Now, in Are You Paid What You're Worth?, long-time corporate insider and compensation consultant Michael O'Malley exposes the inner workings of compensation systems and provides a specific formula that allows anyone--from the cubicle-dweller up to the CEO--to determine his or her own competitive worth.  Packed with practical tips and strategies, and spiced with real-life examples from big-name companies, Are You Paid What You're Worth? arms you with the information, confidence, and strategies you need to:

Compute the overall market worth of your job
Increase your base salary, or negotiate a salary at a new job
Improve your chances of receiving bonuses and other cash/non-cash awards
Know the pros and cons of different equity plans, and what to look for in company benefits
Increase the total compensation package you receive from your employer

"synopsis" may belong to another edition of this title.

About the Author:
Michael O'Malley, a Ph.D.  in psychology, is a practicing management and compensation consultant with over fifteen years of experience.  Currently employed at a major consulting firm, O'Malley has designed compensation programs and benefits plans for more than one hundred major corporations, including PepsiCo, AT&T, Fisher-Price, and Aetna.  He lives with his wife in New Haven, Connecticut.
Excerpt. © Reprinted by permission.
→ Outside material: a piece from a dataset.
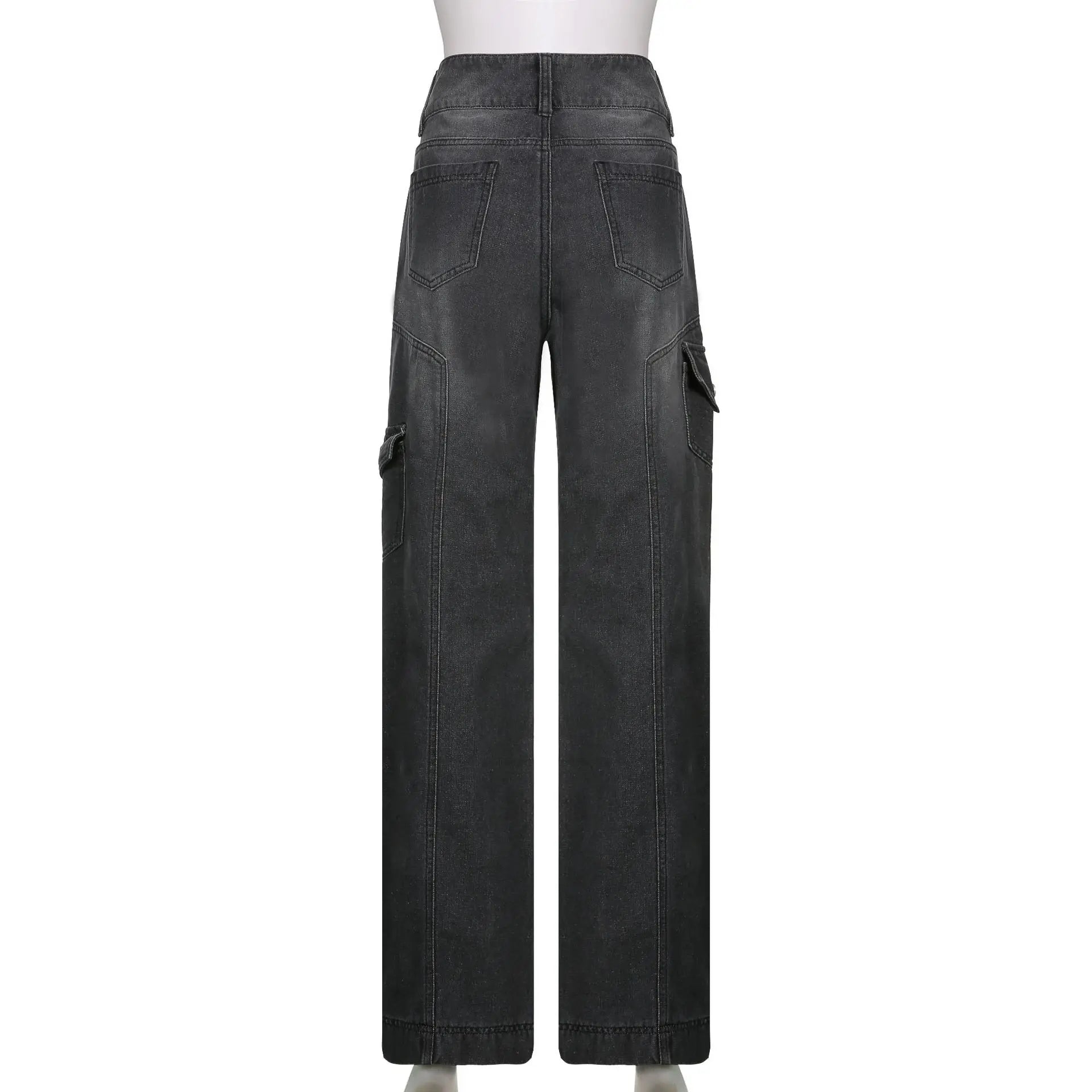 New Street High Waist Straight Leg Casual Jeans with Irregular Pockets - Norellé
All rights reserved.:
Comparative Standards: How You Measure Up to Everybody Else

There are two types of comparative standards that involve comparisons between what you get paid and what others get paid.  In one instance, you compare yourself to others around you within the company: to those persons' efforts, abilities, contributions, responsibilities, etc., and to their likely salaries.  It is wholly natural to make these social comparisons to see how you measure up against others.  You make a judgment of fairness based on what you do and offer the company and receive in compensation, and what others do and offer and receive in compensation.  If these comparisons do not match up, if there is a disconnect between what you do and what you get, versus what others do and get, you will perceive the system as unfair.  And you, for one, may feel undercompensated because you believe you offer as much or more to the company than others but get paid less.  You will often hear companies refer to this as an issue of internal equity.
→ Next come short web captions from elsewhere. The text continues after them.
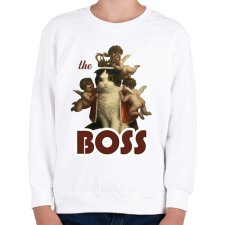PRINTFASHION Teh boss - Cat - Gyerek pulóver - Fehér gyerek pulóver, kardigán
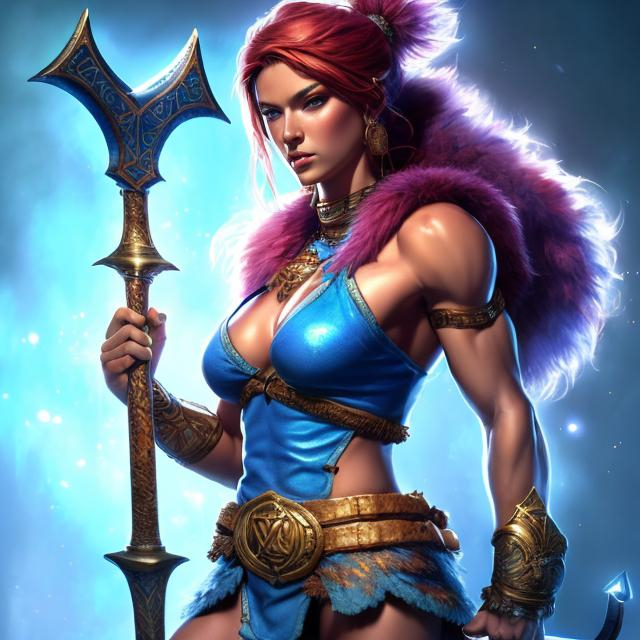 Prompt: UHD, , 8k, high quality, poster art, (( Aleksi Briclot art style)), hyper realism, Very detailed, full body, muscular, view of a young blue fantasy skin female barbarian, battle axe, mythical, ultra high resolution, light and shading in 8k, ultra defined. 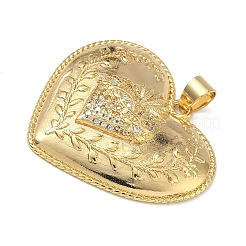 Brass Micro Pave Clear Cubic Zirconia Pendants&nbsp;KK-L257-16G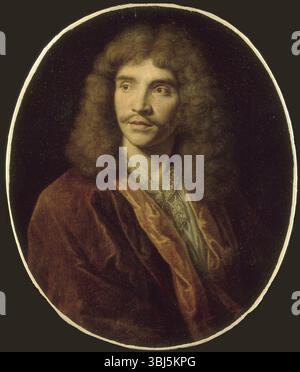 Porträt des Autors Moliére (1622-1673). Gefunden in der Sammlung von Musée de l'Histoire de France, CHâteau de Versailles. Stockfoto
The other comparative standard involves comparing yourself to others who perform similar work outside of your company.  Companies refer to this as external equity.  Having a pay system that is externally equitable means that no matter which company you approach in your geographic area (often within the same industry), that company would pay about what you currently get paid for the performance of similar job duties and responsibilities.  Inequity exists to the extent to which your company pays less, or more, than similar companies.  I assume you won't complain if you are earning "too much." Let's take a closer look at internal and external equity before we move on.

Internal Equity: How You Stack Up with Your Colleagues at Work

This is the most obvious, straightforward way of recognizing fairness: by comparing yourself to others who work near you.  When you look at the sum total of what those around you bring to the table and see what they earn, compared to what you bring to the table and what you earn, does it make sense?

Now you know why companies don't like people talking about what they earn.  In some companies, such discussions are "dismissable offenses." Polite conversation about what everyone earns is often forbidden because it leads to questions of fairness and, potentially, to employee dissatisfaction.  In trying to make life fair, most attempts fall short.  And it isn't because your human resources department doesn't try.  Achieving internal equity is a basic tenet of any self-respecting human resources department.

There are many complicating factors that create internal inequities.  First, you can't earn more than your boss.  Even companies that have "flattened" the organizational hierarchy and claim workforce parity have extreme difficulty in violating this axiom of corporate life.  The problem, of course, is that your boss may not have kept up with the times, particularly in areas that are rapidly changing.  Your boss may not have a clue, but he or she pulls in a higher salary.  I have met heads of information technology departments (of big companies!), for example, who wouldn't know a PC if it fell on them.  Now I can appreciate managerial acumen but shouldn't a person in a supervisory position know something about the area in which he or she supervises? Nevertheless, these people are paid more than their underlings.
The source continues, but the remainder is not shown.